Application	Material	Diameter Inner/Outer	Spinner Component
Outer tube	Copper	151.9/155.6 mm	6 1/8” EIA outer conductor
Inner tube before constriction	Copper	64.0/66.0 mm	6 1/8” EIA inner conductor
Inner tube after constriction	Copper	38.8/41.3 mm	1 5/8” EIA outer conductor

.

Fittings and connections for the water supply pipe and the pressure transducers required only comparatively small holes drilled in the outer tube, which does not disturb the electromagnetic field. In addition, a distance piece and flow homogeniser is used to evenly distribute the water flow at the inflow to the soil sample. This piece is a perforated plate made of 10 mm thick PMMA (Poly(methyl methacrylate), acrylic glass). The perforated plate homogenizes the inflow of water, leading to a more uniform boundary condition at the upstream side of the sample.

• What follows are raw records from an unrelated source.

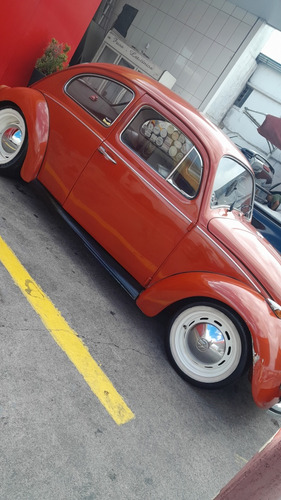 Vw 1974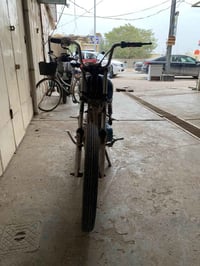 دراجة ٢٠٢١ • شلعه فول • جلولاء ديالى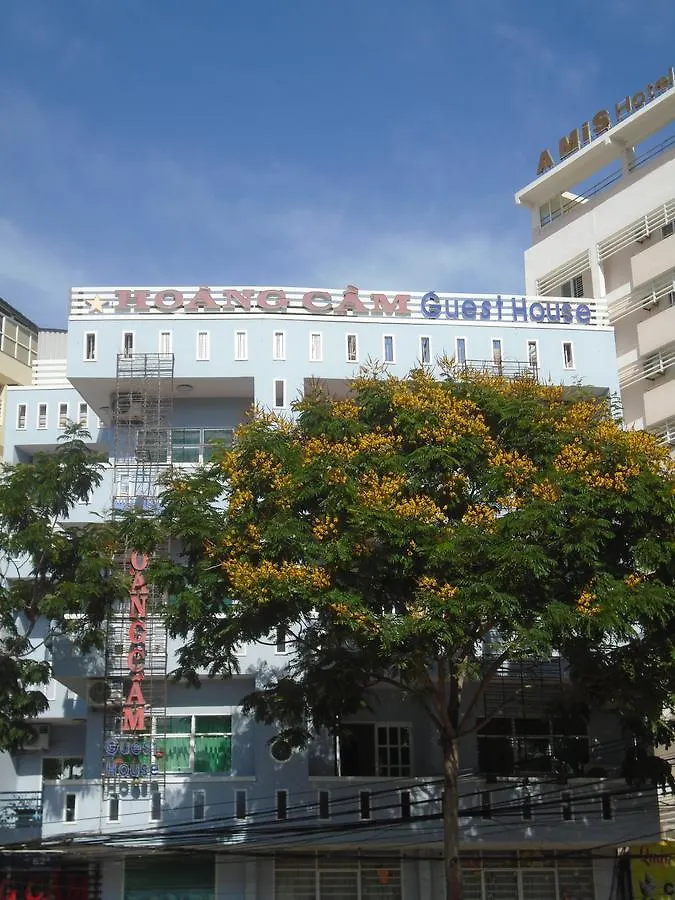 Hoang Cam Guesthouse Vung Tau 0*,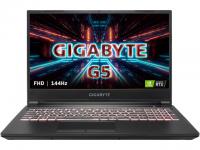 Gigabyte G5 KC 15.6in 16GB 512GB RTX3060 Notebook Laptop
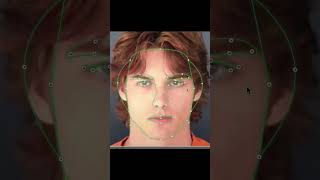How Attractive is Hullo's New Mugshot?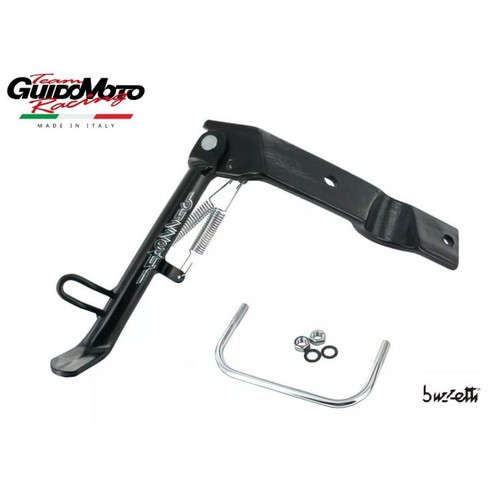 Cavalletto laterale scooter - cavalletto,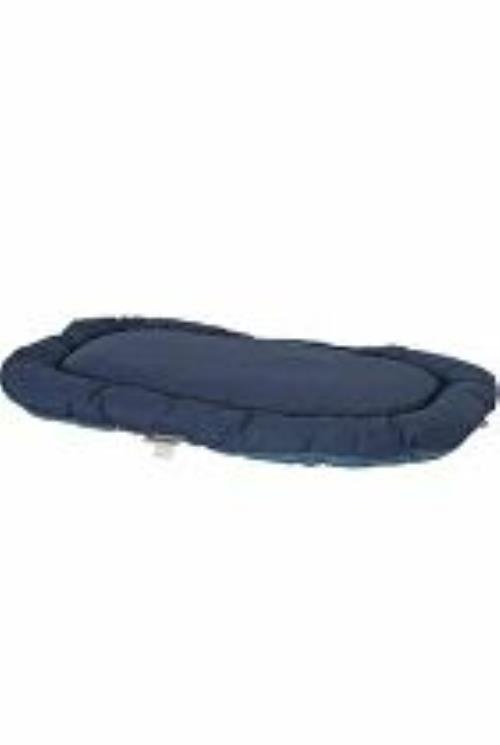 Vankúš na posteľ ONE INDIGO SLEEPER 55cm modrý Zolux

With the low dielectric permittivity of the PMMA, which is about 3.7, the measured TDR-signal features a specific peak before entering the sample, which is useful for the analysis of the signal as it marks the beginning of the soil column.

A main purpose of the cell is to induce an erosion process through a water flow and to observe the accompanying porosity changes with Spatial TDR. Moreover, the possibility of observing the particle movements in the cell is important for a better understanding of the erosion process as well as a kind of control for the TDR analysis. For this purpose, a 420 mm high and 40 mm wide inspection window was included in the cell (Figure 1 and Figure 2). Given the 155.6 mm outer diameter of the tube, the width of the window represents approximately 8.2% of the circumference. According to electromagnetic numerical simulations based on finite element modelling, the influence on the electromagnetic field distribution of such a relatively small opening in the outer tube is negligible.

In order to achieve a larger annulus to provide more space for the soil particles, an inner conductor with a smaller diameter than necessary for a 50 Ω impedance matching in air was chosen. This mismatch in air has no consequences, as the annulus is filled with materials featuring dielectric permittivities far larger than 1. A local impedance mismatch occurs at the transition of the diameter of the inner conductor. Finally, a metallic short circuit was installed at the end of the inner conductor. This leads to a sharp drop of the TDR signal at the end of the cell that can be easily identified in the TDR signal. Together with the peak of the impedance mismatch at the beginning, this can be used for a clear definition of the signal travel time. A schematic cross section of the cell is shown in Figure 2

2.3. TDR Device

A Sequid SDTR-65 (Sequid GmbH, Bremen, Germany) time domain reflectometer device is used for the electromagnetic measurements. The TDR device both generates a voltage step featuring a short rise time of 65 ps and records the reflected voltage signal response. In this condition, the device can operate over a large bandwidth ranging from 500 kHz to approx. 10 GHz (nevertheless, due to the limitations of used connectors, coaxial cable type and length the effective bandwidth is reduced distinctly). After a SOL (Short-Open-Load) calibration, the STDR 65 software can be calibrated in frequency domain providing the opportunity to change the rise time. Please note that the complete details, performances and features of the device can be found elsewhere [28].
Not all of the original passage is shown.